Work item
The required output is the line that contains "Fahrradverleih in Napili-Honokowai" and every line after it, each written out exactly, up to the end of the entries.

Data excerpts

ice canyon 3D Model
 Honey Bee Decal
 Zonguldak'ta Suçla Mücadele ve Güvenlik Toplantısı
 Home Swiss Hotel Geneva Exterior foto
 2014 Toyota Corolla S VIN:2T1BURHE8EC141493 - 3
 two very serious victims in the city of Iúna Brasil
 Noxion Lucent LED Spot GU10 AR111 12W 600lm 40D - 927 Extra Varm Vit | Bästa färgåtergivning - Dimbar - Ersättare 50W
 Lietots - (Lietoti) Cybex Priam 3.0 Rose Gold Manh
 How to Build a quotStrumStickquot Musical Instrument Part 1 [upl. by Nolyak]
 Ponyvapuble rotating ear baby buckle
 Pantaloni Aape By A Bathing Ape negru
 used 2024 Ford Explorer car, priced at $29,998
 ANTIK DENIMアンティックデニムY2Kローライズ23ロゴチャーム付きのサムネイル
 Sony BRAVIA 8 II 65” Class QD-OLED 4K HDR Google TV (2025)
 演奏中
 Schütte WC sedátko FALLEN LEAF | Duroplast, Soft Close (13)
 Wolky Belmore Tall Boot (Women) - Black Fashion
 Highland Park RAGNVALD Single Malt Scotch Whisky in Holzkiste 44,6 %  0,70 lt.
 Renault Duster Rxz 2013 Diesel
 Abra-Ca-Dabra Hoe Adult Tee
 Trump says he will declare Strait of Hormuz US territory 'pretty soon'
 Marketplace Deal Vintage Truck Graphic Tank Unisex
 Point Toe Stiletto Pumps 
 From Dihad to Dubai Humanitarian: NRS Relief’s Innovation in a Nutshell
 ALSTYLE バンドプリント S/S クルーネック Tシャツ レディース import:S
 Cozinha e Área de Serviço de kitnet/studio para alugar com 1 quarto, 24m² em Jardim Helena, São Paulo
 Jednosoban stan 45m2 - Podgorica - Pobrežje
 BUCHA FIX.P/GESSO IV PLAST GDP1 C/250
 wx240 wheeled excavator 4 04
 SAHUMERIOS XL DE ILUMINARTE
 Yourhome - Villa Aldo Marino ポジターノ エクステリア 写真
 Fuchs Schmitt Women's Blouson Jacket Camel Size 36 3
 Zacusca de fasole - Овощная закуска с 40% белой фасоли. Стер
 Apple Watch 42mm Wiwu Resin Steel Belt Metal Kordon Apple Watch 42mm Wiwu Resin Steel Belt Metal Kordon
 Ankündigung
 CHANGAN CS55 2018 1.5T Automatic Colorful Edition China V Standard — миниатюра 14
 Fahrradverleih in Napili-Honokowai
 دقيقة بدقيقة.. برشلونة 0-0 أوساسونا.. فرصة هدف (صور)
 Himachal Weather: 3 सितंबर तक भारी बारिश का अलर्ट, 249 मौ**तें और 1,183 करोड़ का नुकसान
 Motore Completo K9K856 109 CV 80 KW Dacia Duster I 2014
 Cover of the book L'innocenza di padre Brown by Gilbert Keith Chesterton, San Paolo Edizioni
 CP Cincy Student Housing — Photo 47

Response for this exercise
 Fahrradverleih in Napili-Honokowai
 دقيقة بدقيقة.. برشلونة 0-0 أوساسونا.. فرصة هدف (صور)
 Himachal Weather: 3 सितंबर तक भारी बारिश का अलर्ट, 249 मौ**तें और 1,183 करोड़ का नुकसान
 Motore Completo K9K856 109 CV 80 KW Dacia Duster I 2014
 Cover of the book L'innocenza di padre Brown by Gilbert Keith Chesterton, San Paolo Edizioni
 CP Cincy Student Housing — Photo 47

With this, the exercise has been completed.